Heaven and Earth has been played quite a bit on John Diliberto’s amazing nightly music soundscape radio program, Echoes, which is syndicated all throughout the known listening universe. Eventually, Heaven and Earth was voted number 62 out of the top 200 CDs for the last 20 years of Echoes. After this he recorded an independent release called Hours with John Wineglass on viola at Saint John’s Episcopal Church. His interest in the contemplative spiritual life influenced the song titles, which have been based on the hours of monastic prayer. Hearing these songs that were recorded live in that beautiful church is an amazing listening experience. His next album, Still Voice (continuing in his own words) “is a mixture of acoustic and electric instrumental music that ranges from earthy fingerstyle guitar to ambient textural soundscapes.” This recording features his well known electric and acoustic ambient guitar with piano, cello, upright bass, drums, programming and vocals. “There’s definitely a spiritual aspect to the music. Silence, simplicity, service, communion, mystery and contemplative thought, are all inspirations for this work. Still Voice is the Voice that tells us who we are, beloved and sacred.”
The music of John Gregorius is easygoing and engaging, from refreshingly simple fingerstyle guitar to the emotional resonance of layered textural soundscapes. The sounds that result grow out of life’s mysteries, through this process the listener and player continue a search for meaning within a highly dynamic environment that is tightly focused on the volatility and transience of listening, a sound that is easily appreciated and enjoyed. I had the opportunity to ask John why he makes the music that he makes.
I think what drew and still draws me to instrumental music is the mystery. It’s a spiritual thing, it’s an awe inspiring thing that 12 notes can produce something that moves us so deeply. Music has often been used as a product but in its purest sense it’s the connection with something bigger, something beyond our understanding.

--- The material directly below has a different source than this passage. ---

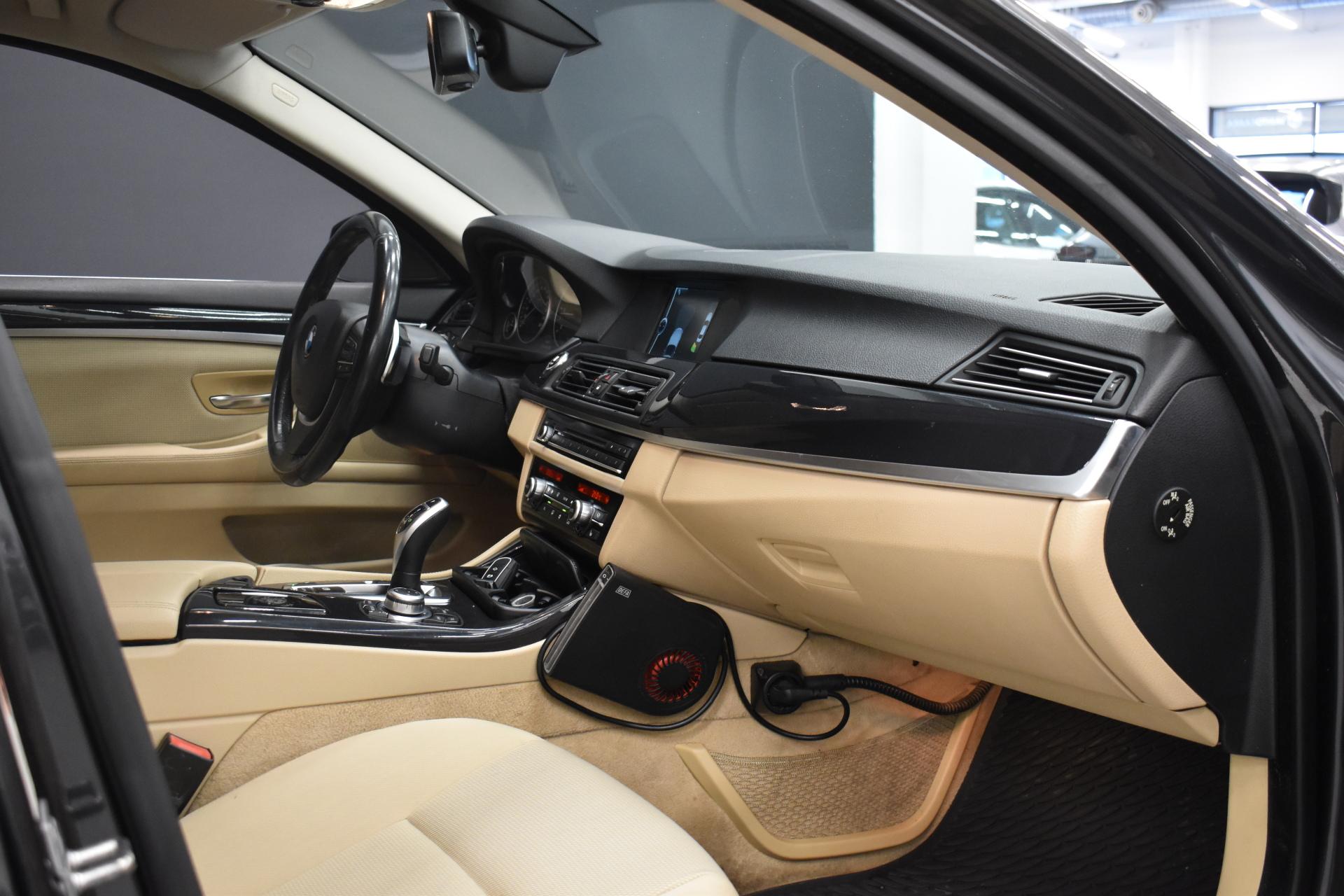 BMW 520 2011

It’s sort of like breathing, it’s just something I love to do. If prayer is simply talking, connecting and or listening to God, then while creating, recording or “painting” the music, being awake to this conversation or simply being awake to the divine presence is how music can become prayer. Instead of getting lost in the mechanics, get lost in the present, listening and speaking.
What would you like to share about your introduction to music as a child?

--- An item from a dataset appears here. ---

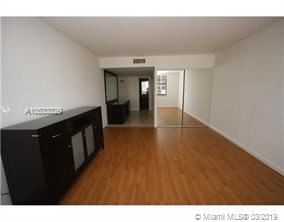 Building Photo - 3 br, 2.5 bath  - The Clipper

There was a new Music teacher in 4th or 5th grade who received a grant and bought a bunch of instruments for the school. She invited students to come in and just play instruments. For some reason I went right for the guitar and honestly don’t remember trying anything else out. Soon after I got a guitar and started lessons.
What advice might you offer for someone starting out and considering their possibilities?

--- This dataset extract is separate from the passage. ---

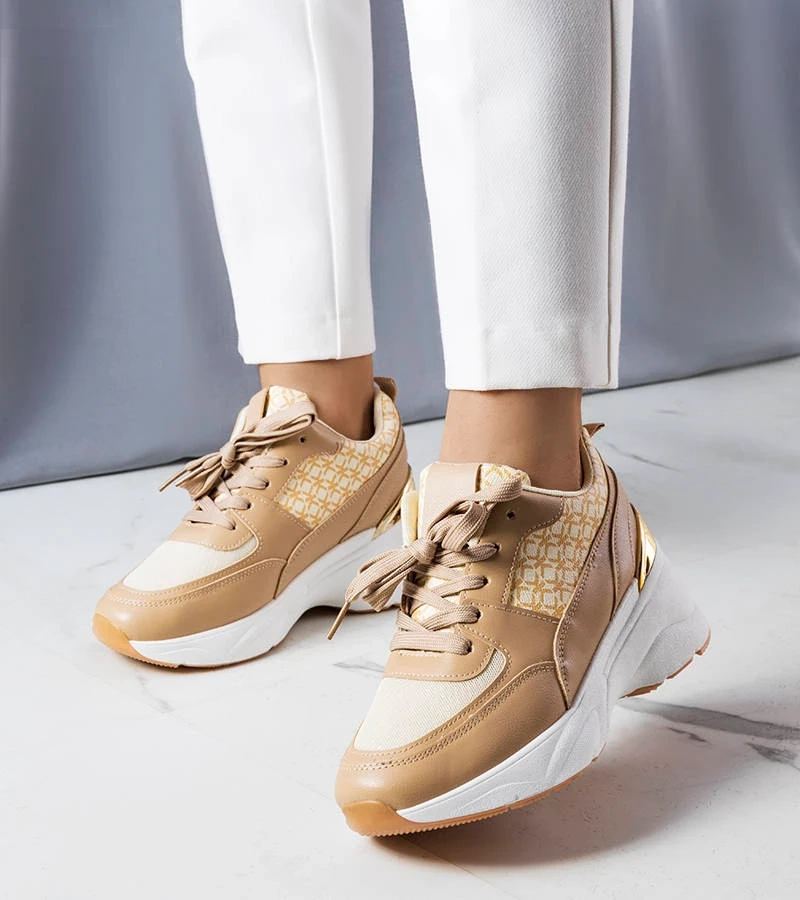 Adidași bej cu monogramă Lora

Through my years of playing with pop bands and many other times in life, I tried to make it or play the music I thought people wanted. It wasn’t until I started making the music that honestly moved me that “success” happened. Now, success often doesn’t mean money or huge numbers of people listening. Remember Van Gogh only sold 2 painting in his lifetime. Yet, there are stories of people playing my music through tough times and they found healing in it. Now, that’s success! I say this to you and to myself. I constantly question the worth of my music and why I work so hard to make it. This has to be the answer. I make music because I love making music. If one person benefits, then it’s worth it. There’s a poem by Emily Dickinson called “Not in Vain” which speaks to this perfectly.
If I can stop one heart from breaking,
I shall not live in vain:
If I can ease one life the aching,
Or cool one pain,
Or help one fainting robin
Unto his nest again,
I shall not live in vain.
How would you describe your music’s spirituality?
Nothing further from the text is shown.